If you are initiating anything else like this, though, I'd make one
suggestion: we need some materials that can be honed in their effectiveness in
communicating the danger, as what has been done to make it a reality so far.
It's a complex issue, and most ad hoc attempts to explain it to a random
person will end in disinterest on their part.

Seems like one wiki page for techies and one for non would be a decent
approach. For the most part, it would be best to have potential _teachers_ use
the resources on the wiki rather than students—but they could hold a
repository of illuminating examples, analogies etc. until effective approaches
for communicating to each audience type stabilize.

Edit: probably the main benefit of this isn't making teachers more effective,
but rather that it would make it easier for potential teachers to get on
board. As it stands I'd need to go do a bunch more research and collect
specific figures personally before I'd feel prepared to teach anyone.

------
BoringCode
> (If you’re wondering what data the NSA collects, its own site[1] offers a
> list and this statement: “The standard operating procedure for the Domestic
> Surveillance Directorate is to ‘collect all available information from all
> available sources all the time, every time, always.’”)

The linked site is a PARODY. There is no such thing as the Domestic
Surveillance Directorate, that would be the FBI. How the author of this
article fell for that, I don't know.

[1] [https://nsa.gov1.info/data/](https://nsa.gov1.info/data/)

------
stordoff
I agree with the main point of the article, but feel like it undermines itself
in a couple of ways. Firstly (and by far most importantly), the alleged quote
from the NSA[1] comes from a parody site which explicitly states "[t]his
parody website has no connection whatsoever to the National Security
Agency"[2]. If a reader isn't already convinced of the potential harms of mass
surveillance, (accidentally, presumably) using such quotes makes the arguments
easier to discard.

Secondly, and this is more of a pet peeve of mine, is the "top highlight" that
appears mid-way through the article. I know they aren't really comparable, but
"mass surveillance is bad, but, by the way, we are totally tracking every
interaction you make with this article" doesn't feel like a particularly
consistent position to hold.

[1] > The standard operating procedure for the Domestic Surveillance
Directorate is to 'collect all available information from all available
sources all the time, every time, always.', per
[https://nsa.gov1.info/data/](https://nsa.gov1.info/data/)

[2]
[https://nsa.gov1.info/about/about.html](https://nsa.gov1.info/about/about.html)

------
jbpetersen
Mass surveillance in the digital age is a Pandora's box that's been opened.
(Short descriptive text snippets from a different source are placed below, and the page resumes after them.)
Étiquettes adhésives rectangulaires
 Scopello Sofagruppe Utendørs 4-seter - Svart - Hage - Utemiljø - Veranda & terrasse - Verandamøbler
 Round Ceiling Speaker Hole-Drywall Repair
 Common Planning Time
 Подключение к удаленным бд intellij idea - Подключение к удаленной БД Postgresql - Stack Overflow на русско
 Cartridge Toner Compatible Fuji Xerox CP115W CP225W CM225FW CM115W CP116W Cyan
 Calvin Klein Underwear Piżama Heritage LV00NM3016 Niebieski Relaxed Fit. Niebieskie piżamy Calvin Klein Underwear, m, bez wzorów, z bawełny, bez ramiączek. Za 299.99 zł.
Without comprehensively putting extreme restrictions on what people can put
online, there is only ever going to be an exponentially growing trove of data
to mine that reveals implications far removed from whatever whoever made it
available intended to communicate.

While it may be possible to significantly cut back the amount of surveillance
done on communications intended to be private, I think people need to accept
that the automation of surveillance and of inferring likely connections from
it are developments which irreversibly change how society functions going
forward.

What's more, technology has a very persistent tendency to become accessible to
more people over time. I have yet to see any reasons this wouldn't be true
specifically in the case of automated surveillance. Remember the story about
someone trying facial recognition to tie pictures of strangers on the subway
to VKontakte profiles? That's just a small taste of the implications.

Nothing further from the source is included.